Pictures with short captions
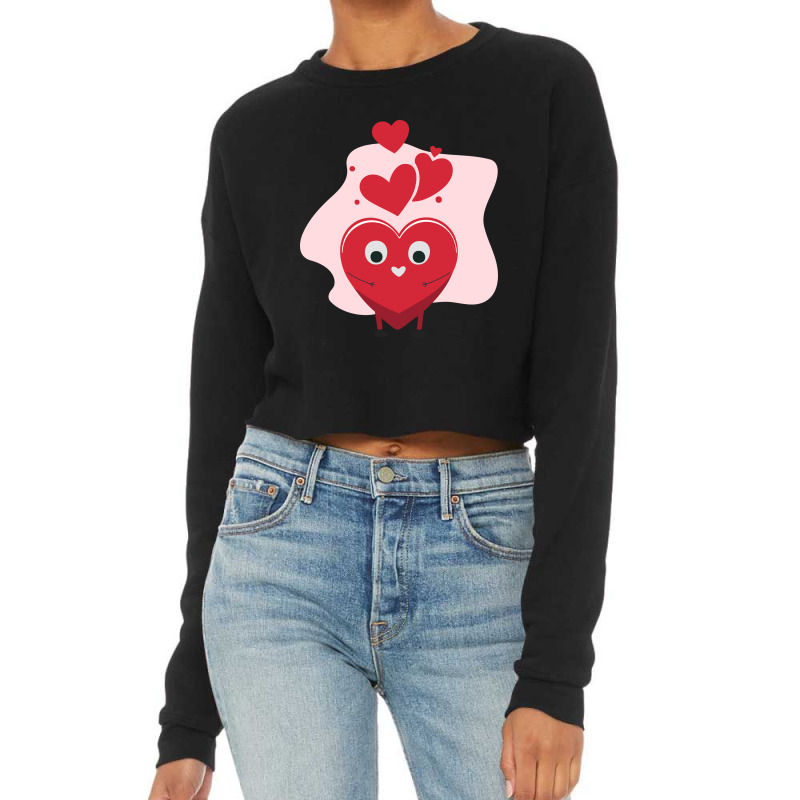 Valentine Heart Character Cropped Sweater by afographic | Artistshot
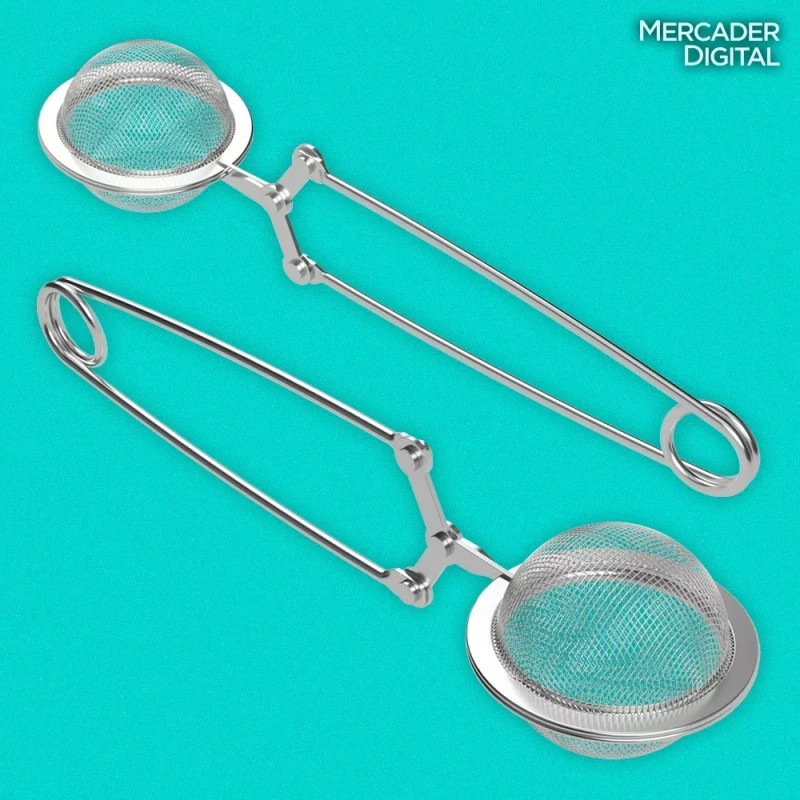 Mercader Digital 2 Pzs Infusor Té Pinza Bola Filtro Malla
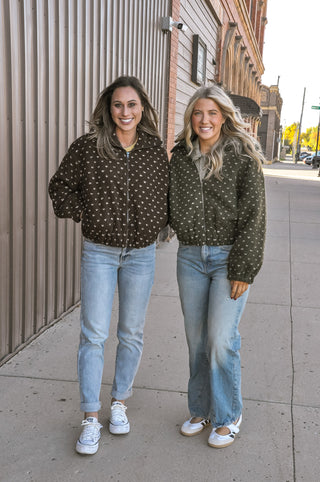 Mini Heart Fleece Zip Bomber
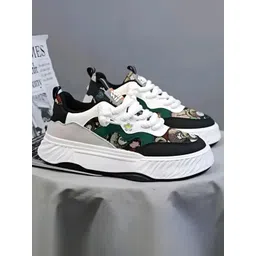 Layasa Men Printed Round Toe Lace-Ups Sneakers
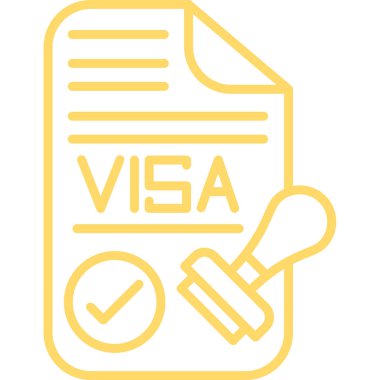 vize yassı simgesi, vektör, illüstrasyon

* [Action item]
Retyped exactly, the lines from the one holding "Mercader Digital 2" through the last line of the data above are the whole answer. Pictures stay out.

* [Response box]
 Mercader Digital 2 Pzs Infusor Té Pinza Bola Filtro Malla
 Mini Heart Fleece Zip Bomber
 Layasa Men Printed Round Toe Lace-Ups Sneakers
 vize yassı simgesi, vektör, illüstrasyon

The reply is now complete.